Women invented deodorant. Men invented tiny voodoo figures handcrafted from toe jam. Men invented pornography. Women invented babies in wicked response.

Women, I venture, also invented shoes. The fairer sex's notorious infatuation with foot clothing could well stem from the fact that back in the days of our cave people forefathers, men wandered more in search of food, and therefore had more thickly callused feet. Women wandered from the cave less frequently, burdened as they were with progeny, so their feet were relatively more tender and in need of relief.

But remembering our caveman days, men invented TV and remote controls. (After all, what does a TV screen resemble more than a cave opening? For millions of years we men huddled in the mouths of caves, looking outward, alert and constantly on watch for danger, our families thus protected further back in the cave. And what did we hold in our hands? A spear, a tool which enabled us to better control our destiny. And from a distance, albeit short.)

Yes, we men are only truly happy and secure when we're holding something pointy and potent in our hand.

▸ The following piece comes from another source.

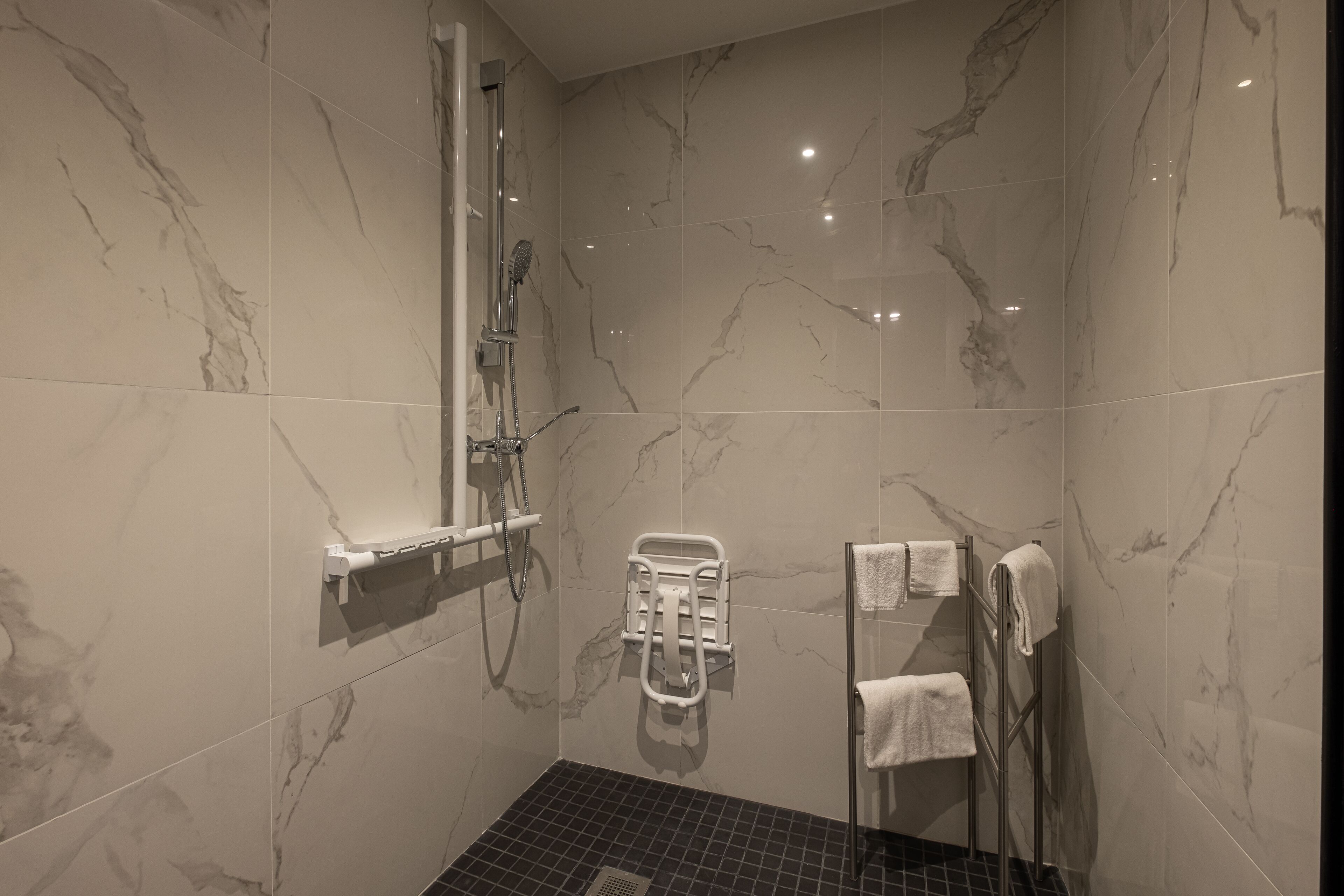 studio, accessible | bathroom | free toiletries, hair dryer, towels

Women, no doubt, also invented mirrors. My evidence for such an ungentlemanly accusation? Men's magazines are full of beautiful women. Women's magazines are full of beautiful women. Nobody, except homosexuals, really wants to gaze intensely at men, unless the men in question look like Brad Pitt. (Put a long blonde wig on Brad or Leonardo and they'll look like a Baywatch Babe, proving the axiom that all male sex symbols have something feminine about them, and all female something masculine.)

And it was most certainly a woman who invented the yellow light (you know - the light that flashes briefly between green and red, and which tells women to prepare to stop, and men to floor it.) No man would have thought up this symbol of hesitancy and caution. Stop dithering, we reason. Screw this transitory indecision!

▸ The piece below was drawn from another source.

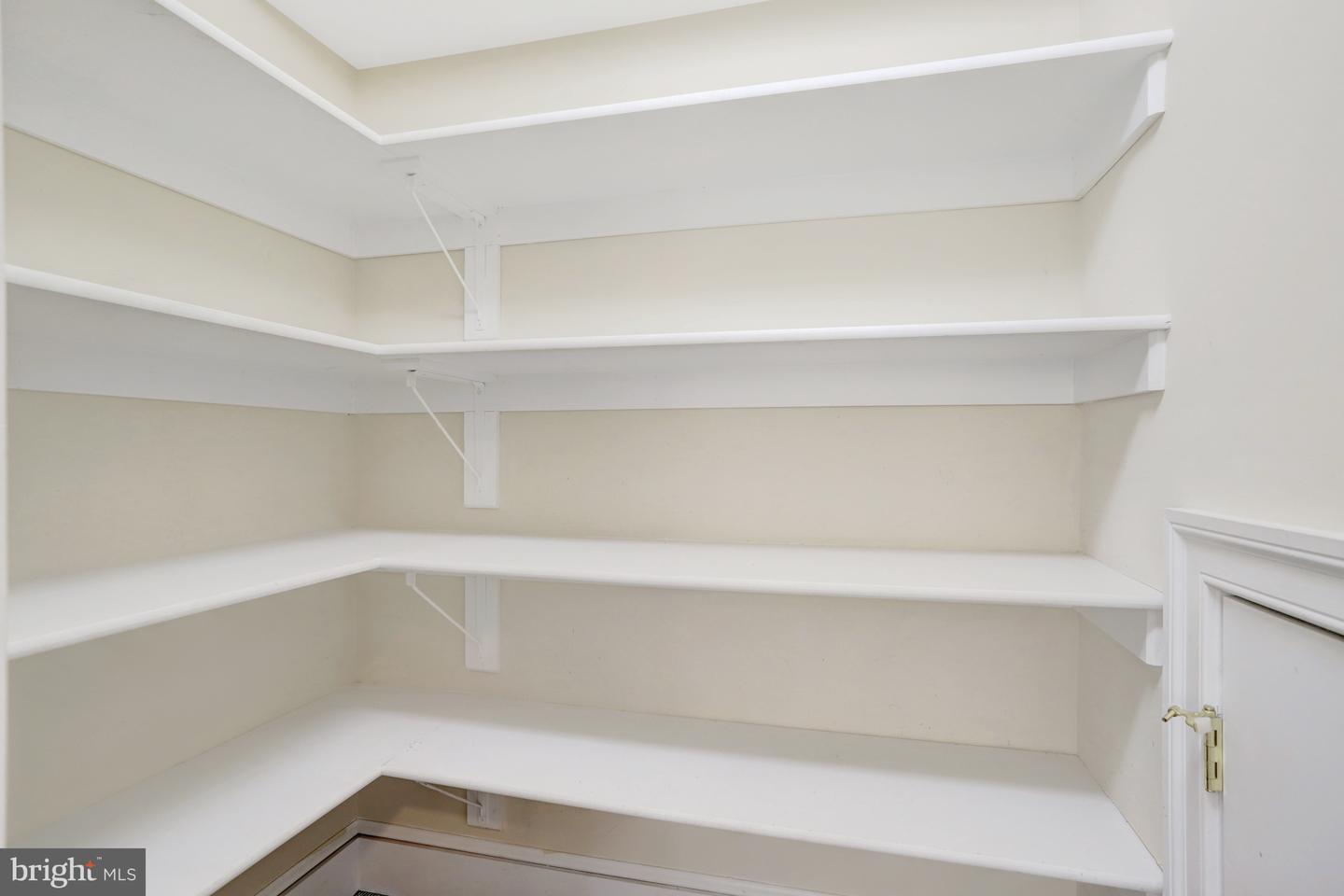 3002 2ND ST N, ARLINGTON, Virginia 22201, 4 Bedrooms Bedrooms, ,5 BathroomsBathrooms,Residential,For sale,3002 2ND ST N,VAAR2056712 MLS # VAAR2056712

But one debate currently taking place, is between a majority who believes that it was oppressive men who invented and have forced middle eastern women to wear the veil, and a less certain minority who point out it could well have been women who invented the device in days long past to protect themselves from lustful gazes of (..or to further inflame?) men. Conversely, it was probably an altruistic man who invented the push up bra in order to make mountains out of molehills, as we men are wont to do.

Women invented leg and bikini waxing. No Marquis de Sade could ever have been so inventively cruel. And if women hadn't invented the cotton ball-make up remover, there would have been no need to import 3 million slaves from Africa!

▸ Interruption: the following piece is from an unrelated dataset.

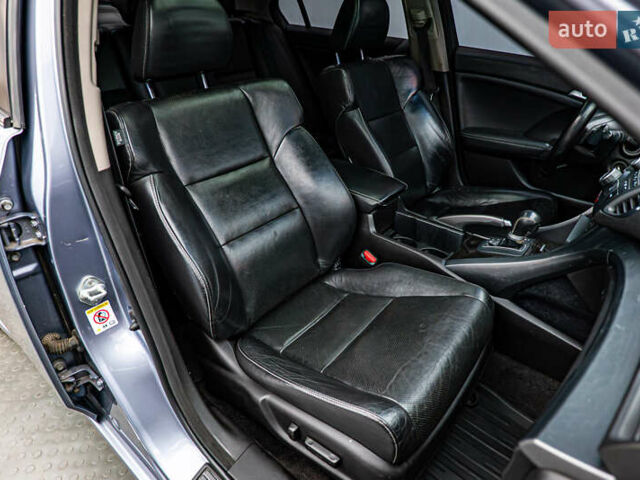 Сірий Хонда Аккорд, об'ємом двигуна 2 л та пробігом 191 тис. км за 10982 $, фото 19 на Automoto.ua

And speaking of unforeseen and unfortunate consequences, couldn't the blockheaded men who invented the birth control pill have guessed, that along with greater access to women's bodies, we men would now have to subject ourselves to being measured and then compared with other men, our sexual performances judged and ridiculed by the formerly innocent and inexperienced sex? Why couldn't these rational researchers have fine-tuned the recipe and added knock out drops to the subscription?
If women are going to lie there anyway, they may as well catch up on their beauty sleep.

And, oh, yes - men invented sleep. So that we can, if only briefly, get out of having to listen to incessant chatter. (Adam probably deliberately invented the apple pie, thereby inviting aging and death for the same reason. Thanks to Great Gramps an eternity of yammering was thusly made preventable.)